┌──
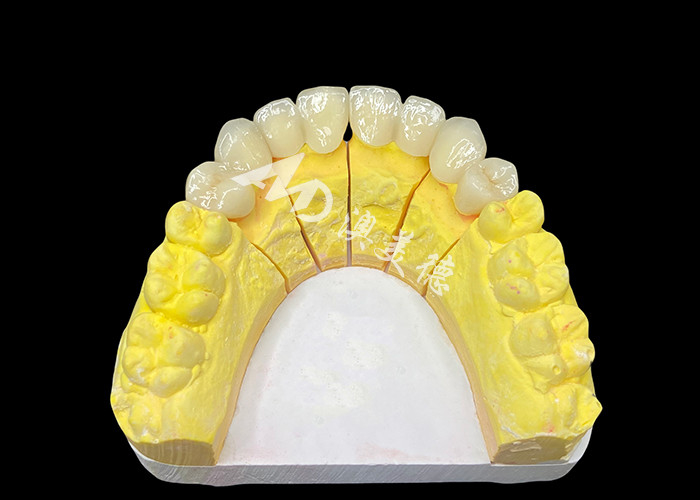 Obtenga una sonrisa perfecta con coronas dentales de cerámica de alta calidad para una apariencia natural y una fuerza duradera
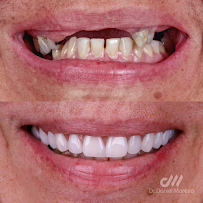 Dr. Daniel Moreira - Dentista Maceió 24h
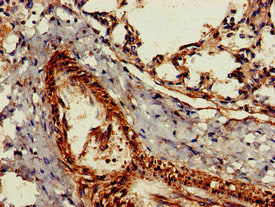 Immunohistochemistry of paraffin-embedded human lung tissue using the antibody at dilution of 1:100Rabbit anti-Human GZMK Polyclonal Antibody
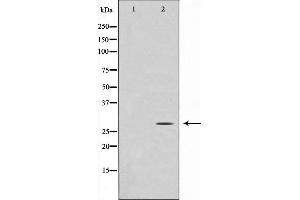 Western blot analysis on Jurkat cell lysate using GADD153 Antibody,The lane on the left is treated with the antigen-specific peptide. (DDIT3 anticorps  (N-Term))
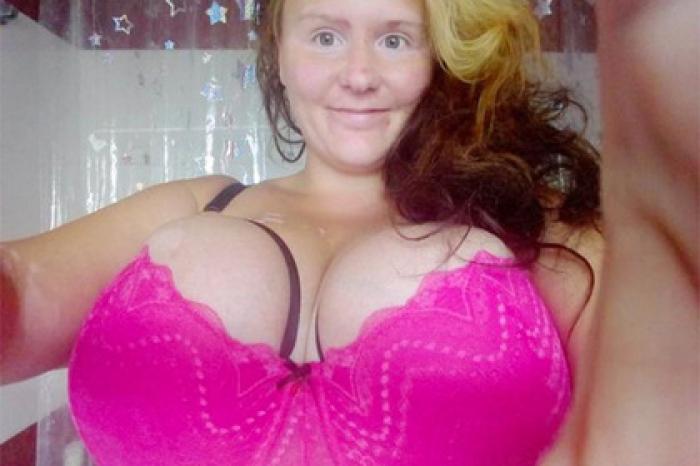 Женщина рассказала о страданиях из-за огромной груди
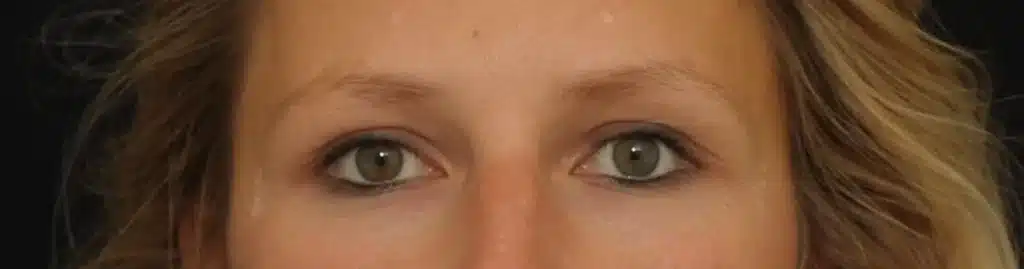 après Injection de botox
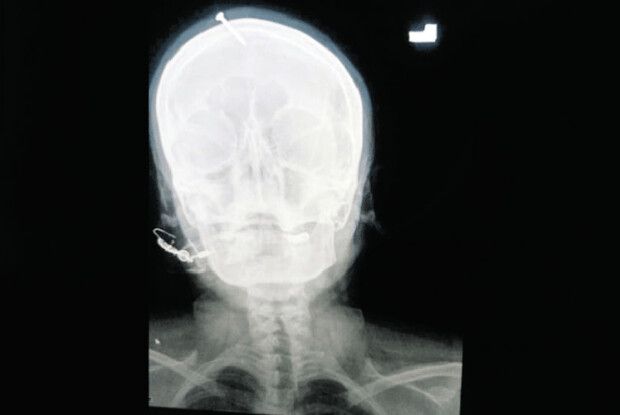 За порадою ворожбита вагітна… забила собі в голову цвях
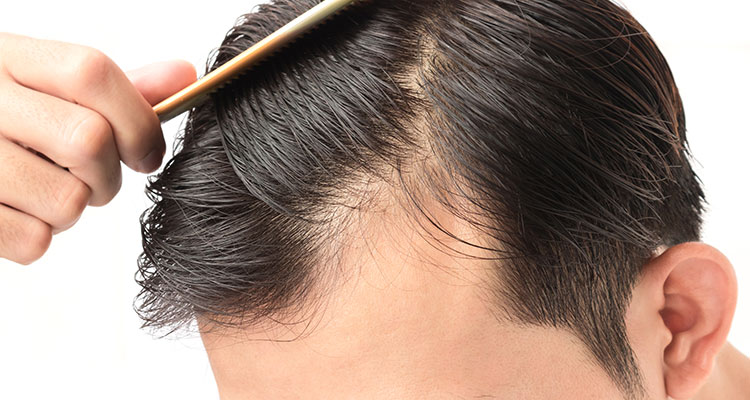 How To Prevent Hair Loss & Thinning Hair - Amazing Tips That Work!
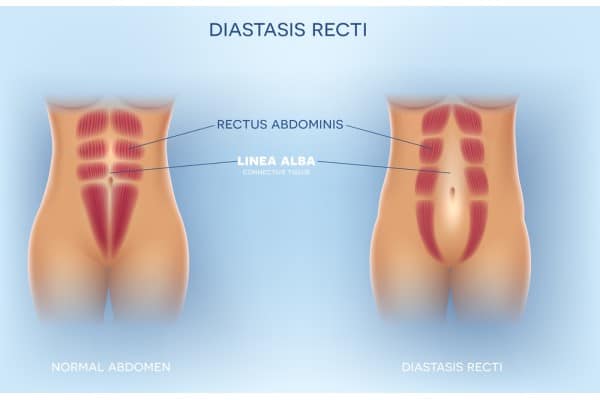 What Non-Surgical Options Are Available for Diastasis Recti Brackley?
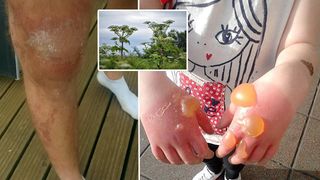 Planta care face ravagii in randul populatiei. S-a raspandit extrem de mult si tot mai multe persoane sunt afectate de toxinele continute - Sute de cazuri grave au fost semnalate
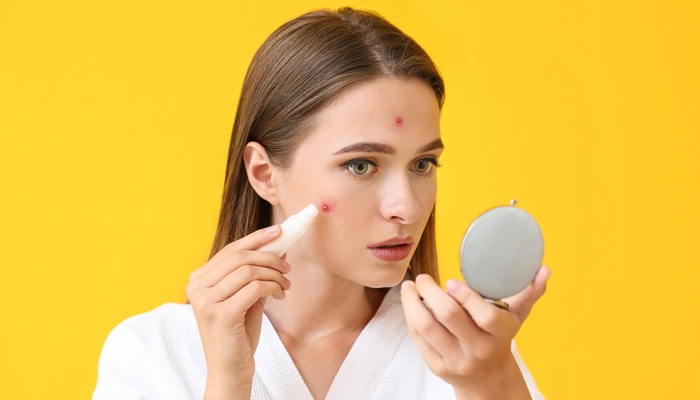 Giải Mã Dapsone: “Vũ Khí Bí Mật” Trong Điều Trị Mụn Viêm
└──
# REQUIREMENT:
Transcribe the material above in full. No picture is to be copied.

# EXPECTED ANSWER:
 Obtenga una sonrisa perfecta con coronas dentales de cerámica de alta calidad para una apariencia natural y una fuerza duradera
 Dr. Daniel Moreira - Dentista Maceió 24h
 Immunohistochemistry of paraffin-embedded human lung tissue using the antibody at dilution of 1:100Rabbit anti-Human GZMK Polyclonal Antibody
 Western blot analysis on Jurkat cell lysate using GADD153 Antibody,The lane on the left is treated with the antigen-specific peptide. (DDIT3 anticorps  (N-Term))
 Женщина рассказала о страданиях из-за огромной груди
 après Injection de botox
 За порадою ворожбита вагітна… забила собі в голову цвях
 How To Prevent Hair Loss & Thinning Hair - Amazing Tips That Work!
 What Non-Surgical Options Are Available for Diastasis Recti Brackley?
 Planta care face ravagii in randul populatiei. S-a raspandit extrem de mult si tot mai multe persoane sunt afectate de toxinele continute - Sute de cazuri grave au fost semnalate
 Giải Mã Dapsone: “Vũ Khí Bí Mật” Trong Điều Trị Mụn Viêm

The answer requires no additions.